Other issues which never cropped up before were also raised like the freeing of e-commerce and investment facilitation by a group of countries. China proposed freeing of e-commerce, but India rightly objected. China wants to remove all duties on e-commerce — something which is not feasible in India’s case because India’s digital penetration is not as deep as China’s and freeing of e-commerce will not help the MSMEs as they will not be able to compete with countries with deeper internet penetration which lead to their having better access to international markets.
Source: WTO/Cuika Foto/CC BY-SA 2.0
Regarding investment facilitation, India has got its own new model investment code which does not allow multinational companies to take the government to international courts before it has taken recourse to the domestic dispute settlement bodies for a period of at least five years.

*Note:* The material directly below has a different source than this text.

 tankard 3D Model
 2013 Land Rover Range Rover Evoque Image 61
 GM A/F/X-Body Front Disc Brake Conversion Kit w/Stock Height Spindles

This is because, in the past, the government of India has been taken to international arbitration courts on multiple occasions.
India has got its own new model investment code which does not allow multinational companies to take the government to international courts before it has taken recourse to the domestic dispute settlement bodies for a period of at least five years.
In the case of fisheries also, China and India did not make commitments to eliminate fisheries subsidies on ‘illegal fishing’ because of the livelihood of large number of fishermen is involved.
The Doha Development Agenda, which the Indian government has been keen to promote and which is based on multilateralism, has been put on hold much to the chagrin of many developing countries comprising the Group of 33.
So what is it that the WTO has achieved? It has become only a dispute settlement body and even that role has been blocked by the US as it has refused to participate in the nomination of judges to the appellate body, creating a paralysis in the WTO’s dispute settlement system. Members are usually appointed by consensus and the US is an important member.
Throughout its existence, the WTO has been dominated by the developed countries, with US playing an important role. From supporting trade and investment liberalisation in the world and insisting on tariff reductions for prying open developing country markets, the US has now turned protectionist. It blocked the Trans Pacific Partnership Agreement and wants to renegotiate the North Atlantic Free Trade Agreement with Canada and Mexico in a bid to realise Trump’s goal of America First. China has emerged as a supporter of globalisation and free trade as it still remains the biggest exporter in the world.
India on the other hand has to compete with all the members of ASEAN and others around the world in increasing its share of global trade. It is promoting its own free trading arrangement with its immediate neighbours. It already has FTAs with a number of countries and is a member of several other regional groupings. If it left the WTO — no great harm would come to it in the areas of trade and investment. It will be independent of the rules of public stockholding restrictions which are unjust towards the large number of poor in India needing food security. It will be able to undertake reforms at its own pace and address the needs of the poor farmers and small and micro enterprises. India could have its own agenda of duty reduction on various sensitive items because it too like the US is interested in Make in India policy which has to give priority to its own industries first.